# Dünne Handschuhe für den Sommer



## Markusdr (4. März 2019)

Moin,

irgendwie finde ich mich nicht so richtig zurecht. Ich habe die Suche bemüht aber keinen guten Thread gefunden. Entweder ging es um Winterhandschuhe oder besondere... 

Kurz gesagt ich sche Handschuhe. Bei meinen Gartenhandschuhen hab ich immer 9 die passen super. Weil ich eh was bestellt hatte, habe ich mir ein paar Fox Ranger Gel mitbestellt. In M = 9 = Passen gar nicht. Zu klein, die Naht drückt unter den Fingernagel und nach kurzer Zeit massive Druckstellen. Gehe also zurück. 

Habt ihr nen Tipp für mich? Ich fahre aktuell die Ergon GA2 Griffe welche sehr viel Grip haben. 

Farbe orange wäre toll, aber kein muss, schwarz geht auch. 

Lieben Dank


----------



## Florent29 (4. März 2019)

Vergiss mal den ganzen Gel-Quatsch - und Fox sowieso, die fallen nach 3 Tagen auseinander.
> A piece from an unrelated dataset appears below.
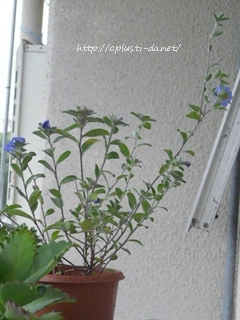 今日もベランダ作業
Die besten Handschuhe macht mM nach derzeit Leatt: DBX 1.0 bis DBX 4.0 je nach "Schutzklasse" auf der Außenhand, ohne nervige Klettverschlüsse, mit superweicher Kunstfaser auf der Innenseite mit oder ohne Polster je nach Wunsch. Kann ich nur empfehlen.

zB diese hier: https://www.bike24.de/1.php?content=8;product=266867;menu=1000,18,56;mid[511]=1;page=2


----------



## MTB-News.de




----------



## Trail Surfer (4. März 2019)




----------



## Logic (4. März 2019)

Ich habe seit letztem Jahr die Oneal AMX in Gr9: https://www.oneal.eu/de/products/mountainbike/handschuhe/1101-032_amx-gloves/
Handlänge (Mittelfinger bis Handwurzel): ca. 19,5cm
Handumfang: ca. 21,5cm

Die sind das luftigste was ich bisher hatte. Zwischen den Fingern ist ein Mesh und die Handfläche ich durchgehend perforiert.


 



Nähte sind zwar auch im Bereich der Fingerkuppen vorhanden, aber mich stören sie nicht sonderlich, ist aber sicher Geschmackssache.
Hatte davor ein älteres Modell der Oneal Element (https://www.oneal.eu/de/products/mountainbike/handschuhe/0392-308_o´neal-element-glove/). Diese waren etwas dicker und minimal gepolstert. Das neue Modell war gefühlt nochmal dicker, daher hab ich die AMX mal probiert.

Die Fox Ranger hatte ich letztes Jahr auch kurz bestellt, gingen aber aus zwei Gründen direkt zurück. Viel zu klein (hast du ja auch schon gemerkt) und stinken wie sau.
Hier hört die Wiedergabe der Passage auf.